Kier followed, his body strangely alive with adrenaline. In moments, a woman with a surprised expression had brought the baby into Winona's room. Kier stood to the side, avoiding his mother's gaze. He knew that Winona was about to partake in one of the emptiest moments of her life. Motherhood and the hope of a shared future were supposed to be the reward for the hard work of birth. Greenbacks and five minutes with someone else's child would have to be enough for Winona.

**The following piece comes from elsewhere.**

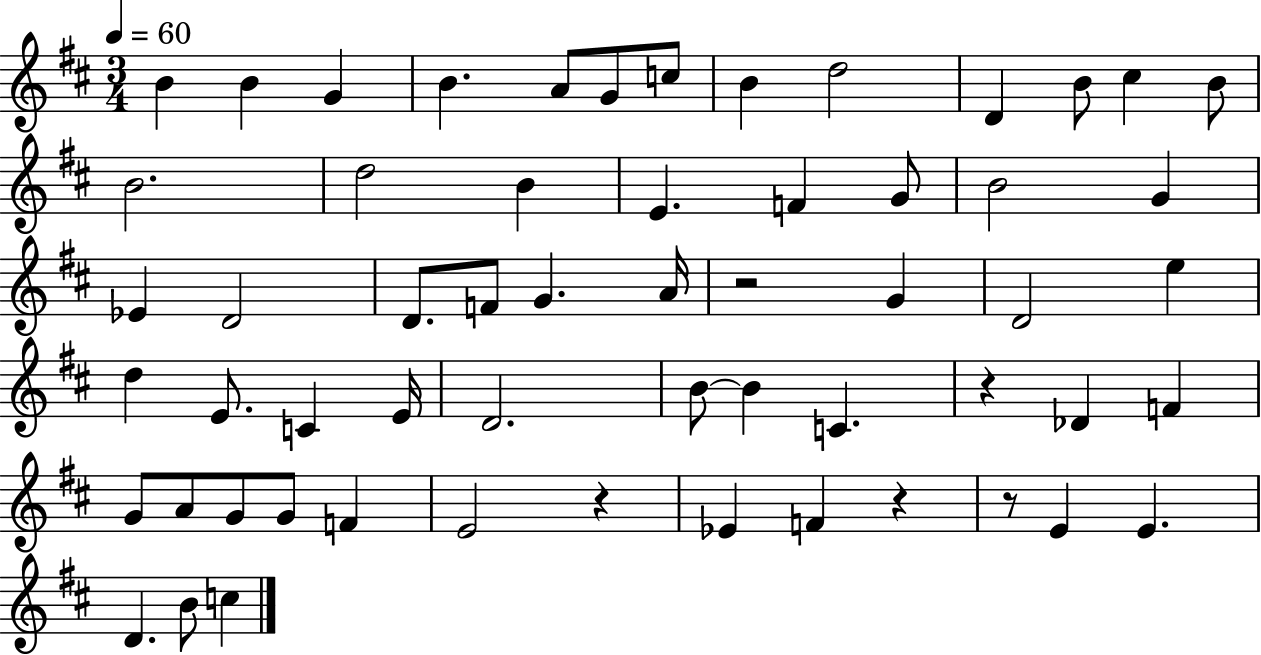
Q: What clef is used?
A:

At first, the snow fell lightly. Jessie Mayfield found herself outside a three-chair beauty shop in a town where the men still went to the barber. Visiting Johnson City was a bizarre experience and a greatly needed distraction. Trying not to think about Frank Bilotti seemed to be the antidote of choice until she figured out some way that thinking about him could be constructive.
Claudie had tried to insist that she visit a local hairdresser, but Jessie wasn't in the mood. She had picked up the groceries for Claudie and her kids, all the way down to the Pop Tarts, and had only one stop left. A prescription for Claudie's shingles waited at the pharmacy, where she could also pick up some cold medicine for Claudie's firstborn son, Bren.
The only pharmacy in Johnson City operated out of an old church. The steep-pitched slate roof, steeple, overhanging eaves, and lap siding gave the building a certain character. Something else about it made it poignant, but Jessie couldn't put her finger on it. Entering through the church's original set of double doors, Jessie saw shelves climbing all the walls, even reaching the point where the ceiling rose at an angle to form the steeple. Not short on merchandise, the place was packed with everything from portable toilets to hot water bottles.
"Can I help you?" a beautiful olive-skinned woman said. She looked part Native American, with soft, well-tended hair that dropped over her shoulders.
"Claudie Donahue has a prescription."
"You must be her sister from New York?"
"Word travels that fast?"
"Around here the trees have ears and the rocks talk."
Jessie's face broke a natural smile. It felt odd because her life was distinctly a frown.
In a corner next to the counter, a dark-haired boy was coloring. It required no imagination to suppose that his mother was tending the store. His eyelashes were long and distinctive. Designed for expansion, his blue overalls were rolled nicely at the ankles, his tiny polo shirt bore stripes that handily complemented the denim. Mom worked on this kid.